Palma a la vista
Los huérfanos del Niza
Son muchos los clientes de este bar que hicieron de él su rincón de tertulias
LOURDES DURÁN
Cuando se anunció el cierre del bar Niza, el pasado mes de octubre, no sólo se cerró su libro –cuarenta y ocho años de historias tras el mostrador–, sino que muchos de sus clientes habituales se sintieron huérfanos. La amplitud del establecimiento de Avenidas, sus confortables sofás y sillones, sin obviar chocolates a la taza, cafés y llonguets torrats, lo convirtieron en el pulmón de animadas tertulias. Como la que reunía a diario a Catalina Ferragut, Catalina Pons y su hermana Margarita, Maria Antonia Segura, Catalina Alou, todas ellas amigas desde los tiempos que andaban con el uniforme del colegio La Pureza. El círculo acabó ampliando su diámetro: "Nos oían reír y acabamos juntando mesas", relata Catalina Ferragut. Así fue como se sumaron a aquellas tardes de charla la pareja formada por José María y María Cruz, "más mayores que nosotros, pero muy divertidos y vitales", y la viuda de Lucas Batle.
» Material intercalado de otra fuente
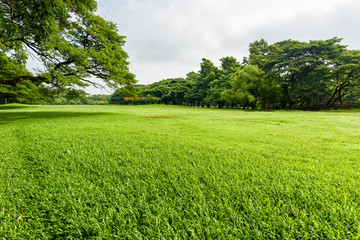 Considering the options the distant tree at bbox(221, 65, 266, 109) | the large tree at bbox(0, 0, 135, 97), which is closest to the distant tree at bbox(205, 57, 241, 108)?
the distant tree at bbox(221, 65, 266, 109)

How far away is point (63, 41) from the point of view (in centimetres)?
721

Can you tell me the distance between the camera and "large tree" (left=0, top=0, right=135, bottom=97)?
174 inches

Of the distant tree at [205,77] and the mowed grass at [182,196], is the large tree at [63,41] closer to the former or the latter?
the mowed grass at [182,196]

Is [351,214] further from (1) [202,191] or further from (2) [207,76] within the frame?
(2) [207,76]

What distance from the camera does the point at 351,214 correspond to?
1.06 m

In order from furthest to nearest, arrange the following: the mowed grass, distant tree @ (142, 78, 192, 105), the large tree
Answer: distant tree @ (142, 78, 192, 105)
the large tree
the mowed grass

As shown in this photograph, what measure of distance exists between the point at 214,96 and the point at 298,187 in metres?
30.6

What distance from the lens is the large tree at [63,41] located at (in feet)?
14.5

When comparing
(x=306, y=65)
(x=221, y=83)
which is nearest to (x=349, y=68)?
(x=306, y=65)

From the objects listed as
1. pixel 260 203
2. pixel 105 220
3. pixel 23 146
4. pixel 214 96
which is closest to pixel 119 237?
pixel 105 220

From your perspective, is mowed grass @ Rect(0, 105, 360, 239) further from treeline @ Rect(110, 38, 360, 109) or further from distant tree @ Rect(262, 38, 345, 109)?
distant tree @ Rect(262, 38, 345, 109)

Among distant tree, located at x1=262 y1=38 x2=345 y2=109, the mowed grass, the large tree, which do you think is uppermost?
distant tree, located at x1=262 y1=38 x2=345 y2=109

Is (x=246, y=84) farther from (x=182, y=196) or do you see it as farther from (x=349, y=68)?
(x=182, y=196)

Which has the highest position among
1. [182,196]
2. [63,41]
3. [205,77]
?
[205,77] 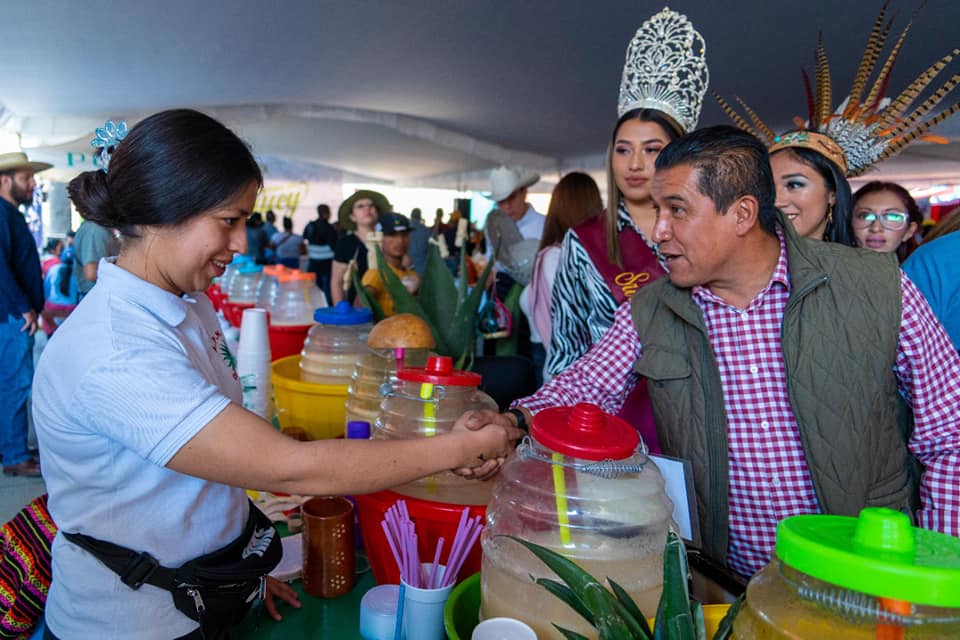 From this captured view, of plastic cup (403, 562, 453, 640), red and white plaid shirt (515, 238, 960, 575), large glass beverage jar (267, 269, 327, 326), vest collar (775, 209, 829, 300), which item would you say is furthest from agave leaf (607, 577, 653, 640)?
large glass beverage jar (267, 269, 327, 326)

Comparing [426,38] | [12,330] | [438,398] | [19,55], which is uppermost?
[426,38]

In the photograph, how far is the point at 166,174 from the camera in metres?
1.02

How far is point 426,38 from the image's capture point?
8273 millimetres

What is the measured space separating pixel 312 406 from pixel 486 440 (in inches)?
33.3

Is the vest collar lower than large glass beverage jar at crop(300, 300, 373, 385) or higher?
higher

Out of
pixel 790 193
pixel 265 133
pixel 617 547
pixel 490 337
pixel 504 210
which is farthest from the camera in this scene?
pixel 265 133

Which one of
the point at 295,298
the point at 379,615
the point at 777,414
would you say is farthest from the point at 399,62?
the point at 379,615

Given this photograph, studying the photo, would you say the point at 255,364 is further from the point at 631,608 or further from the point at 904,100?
the point at 904,100

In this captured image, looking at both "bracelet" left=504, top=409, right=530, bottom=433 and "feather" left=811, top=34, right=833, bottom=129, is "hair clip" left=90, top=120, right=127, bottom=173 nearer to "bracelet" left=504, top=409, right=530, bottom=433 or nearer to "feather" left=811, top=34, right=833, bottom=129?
"bracelet" left=504, top=409, right=530, bottom=433

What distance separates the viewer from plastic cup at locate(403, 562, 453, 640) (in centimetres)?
96

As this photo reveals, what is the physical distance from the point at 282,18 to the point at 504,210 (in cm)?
436

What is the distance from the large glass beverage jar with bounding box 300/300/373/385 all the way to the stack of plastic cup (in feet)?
0.40

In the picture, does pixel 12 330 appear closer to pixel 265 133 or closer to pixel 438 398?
pixel 438 398

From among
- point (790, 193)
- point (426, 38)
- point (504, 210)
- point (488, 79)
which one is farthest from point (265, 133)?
point (790, 193) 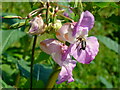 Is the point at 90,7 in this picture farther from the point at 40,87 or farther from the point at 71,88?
the point at 71,88

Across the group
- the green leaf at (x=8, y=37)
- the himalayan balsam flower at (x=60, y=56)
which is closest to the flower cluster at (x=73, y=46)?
the himalayan balsam flower at (x=60, y=56)

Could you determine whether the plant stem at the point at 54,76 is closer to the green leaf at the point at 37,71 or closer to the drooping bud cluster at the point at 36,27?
the green leaf at the point at 37,71

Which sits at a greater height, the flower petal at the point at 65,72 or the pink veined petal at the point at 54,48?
the pink veined petal at the point at 54,48

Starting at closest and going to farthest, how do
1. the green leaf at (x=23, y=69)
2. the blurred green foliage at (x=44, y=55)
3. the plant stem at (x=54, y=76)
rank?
the blurred green foliage at (x=44, y=55), the plant stem at (x=54, y=76), the green leaf at (x=23, y=69)

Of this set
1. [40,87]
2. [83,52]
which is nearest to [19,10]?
[40,87]

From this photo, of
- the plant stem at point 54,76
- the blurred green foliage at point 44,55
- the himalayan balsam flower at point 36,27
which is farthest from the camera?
the plant stem at point 54,76

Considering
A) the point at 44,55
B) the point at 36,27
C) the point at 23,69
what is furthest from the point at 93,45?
the point at 23,69

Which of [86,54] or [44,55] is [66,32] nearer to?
[86,54] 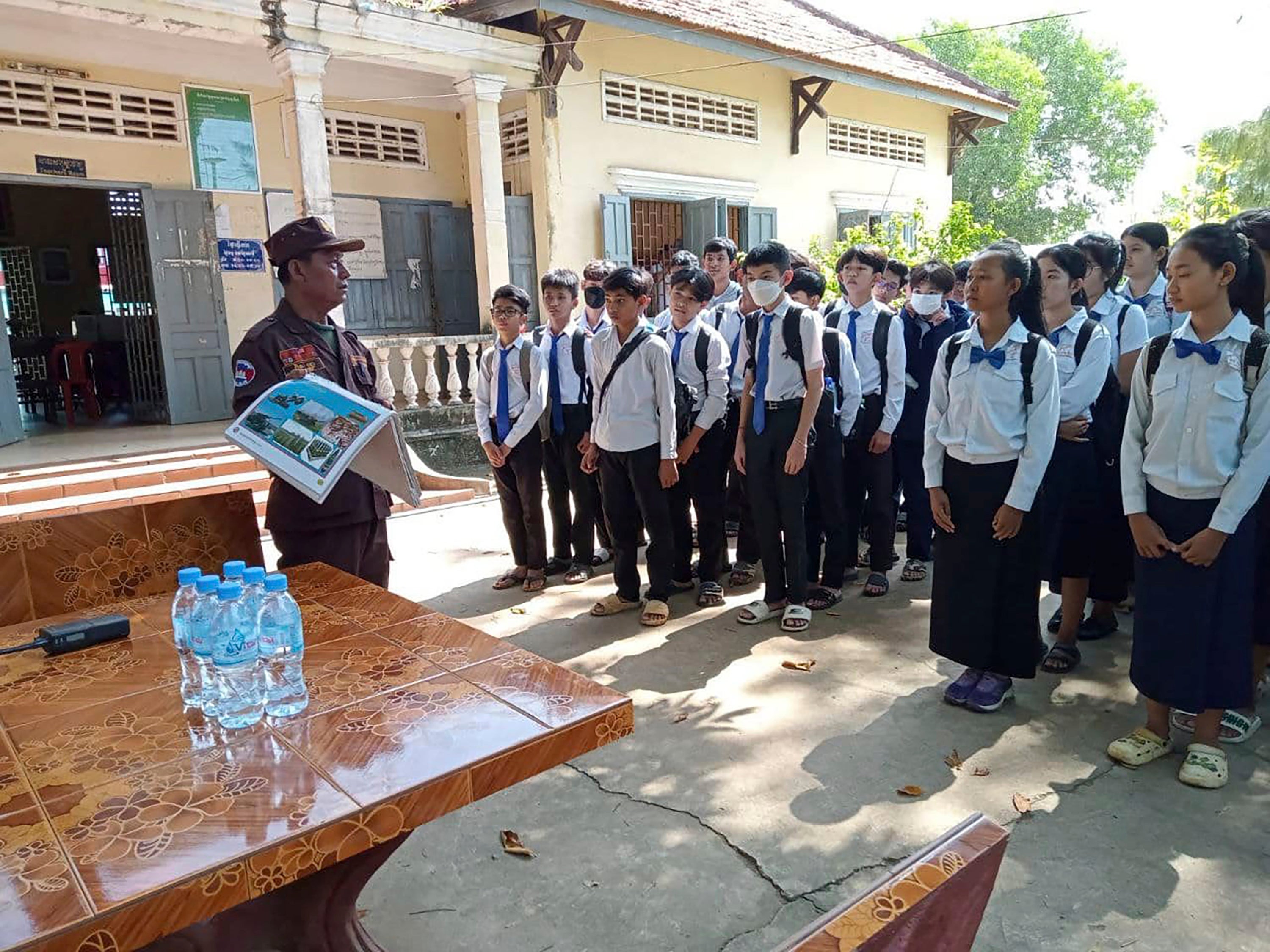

Cuando el camarero Alfonso les dijo que el Niza tenía los días contados, la decepción no pudo ser mayor. "¿Dónde iremos ahora?", se preguntaron las amigas. "Decidimos probar en el 1916, en la plaza de España", comenta.
Nueve años viajando al Niza les ha dejado una profunda huella. Como ellas, son más los aficionados a darle a la lengua en una cafetería. Palma pierde sus viejos cafés a marchas forzadas. El regentado durante casi cinco décadas por Juan Fuster y Maruja Lara echa el cierre. La asepsia de la norma –la nueva ley de arrendamientos urbanos no permite traspasar negocios de renta antigua más allá de una tercera generación, y los Fuster iban por la cuarta–, late así. Su sístole y diástole se nutre de otro oxígeno. No podrá, sin embargo, con las ganas de algunos de echarse en brazos de la charla, aunque haya que hacer maletas.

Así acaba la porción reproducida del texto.